Implementing SCD in server job

Post questions here relative to DataStage Server Edition for such areas as Server job design, DS Basic, Routines, Job Sequences, etc.

Moderators: chulett, rschirm, roy

Post Reply
allavivek
Premium Member
Premium Member
Posts: 211
Joined: Sat May 01, 2010 5:07 pm

Implementing SCD in server job

Post by allavivek »

Hi All,

Iam trying to implement SCD2 in server job...

Code: Select all

ODBC(Dim table)------->Transformer-------->SEQ(capturingupdates)
                             |
                             |
                        hash file
                             |
                             |
          ODBC(source / reference)
If any record got updated from reference , a new record of same key is created with updated values which is basically SCD2..

My doubt is in usage of hash file my duplicate key records are getting overwritten...so that during lookup iam getting wrong results...

Q.Is there any option in hash file stage to disable overwriting of records or is there any other way....

Q.Is there any other way to implement SCD2 in server jobs...

Thanks All...
Last edited by allavivek on Tue Jul 13, 2010 1:32 am, edited 3 times in total.
ray.wurlod
Participant
Posts: 54607
Joined: Wed Oct 23, 2002 10:52 pm
Location: Sydney, Australia
Contact:

Post by ray.wurlod »

Wrap your design in Code tags so we can see what connects to what.

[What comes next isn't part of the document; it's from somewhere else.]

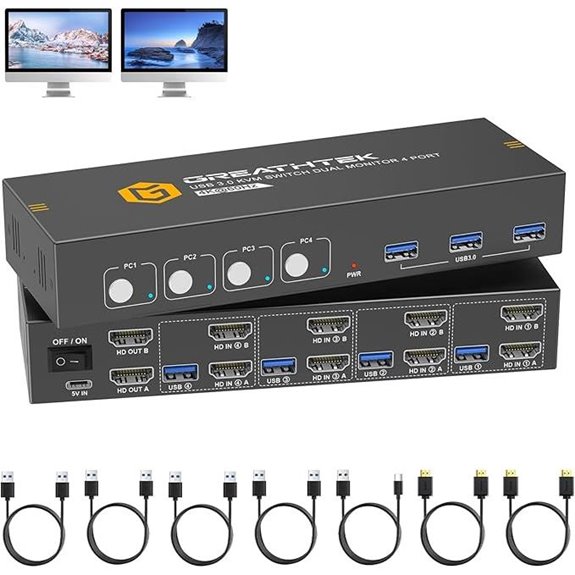 HDMI KVM Switch 4 Computers 2 Monitors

Without that there's not much sense in trying to essay an answer.

The usual solution for SCD2 in server jobs involves two Hashed File stages referring to the same hashed file.
IBM Software Services Group
Any contribution to this forum is my own opinion and does not necessarily reflect any position that IBM may hold.
allavivek
Premium Member
Premium Member
Posts: 211
Joined: Sat May 01, 2010 5:07 pm

Post by allavivek »

Hi Ray,

Thanks for reply,

I edited my job ...give me suggestion in solving...

thank you
ray.wurlod
Participant
Posts: 54607
Joined: Wed Oct 23, 2002 10:52 pm
Location: Sydney, Australia
Contact:

Post by ray.wurlod »

Make sure that caching is disabled in both stages, and that the writing Hashed File stage is set to "lock for update".
IBM Software Services Group
Any contribution to this forum is my own opinion and does not necessarily reflect any position that IBM may hold.
allavivek
Premium Member
Premium Member
Posts: 211
Joined: Sat May 01, 2010 5:07 pm

Post by allavivek »

Hi Ray,

I tried using what you've suggested me..but not getting the result..

What i understood is "preload file to memory" , if it is set the lookup is done from memory and if record id not found lookup is done in file...

By doing this if iam getting a record which is updated twice before i will not get expected result...i will get old values instead of new...

correct me if iam wrong...

thank you
ray.wurlod
Participant
Posts: 54607
Joined: Wed Oct 23, 2002 10:52 pm
Location: Sydney, Australia
Contact:

Post by ray.wurlod »

Do not pre-load to memory. You want to be able to write to the hashed file as the job runs. Likewise to not enable write cache. You want to be able to ensure that a record written is immediately available when the next row is processed.
IBM Software Services Group
Any contribution to this forum is my own opinion and does not necessarily reflect any position that IBM may hold.
vivekgadwal
Premium Member
Premium Member
Posts: 457
Joined: Tue Sep 25, 2007 4:05 pm

Post by vivekgadwal »

ray.wurlod wrote:Make sure that caching is disabled in both stages, and that the writing Hashed File stage is set to "lock for update".
That is a good suggestion. I also think that the problem is with the data or with the fetching of the data. He seems to be having multiple rows with the same Hashing key, which will get overwritten in the Hashed file.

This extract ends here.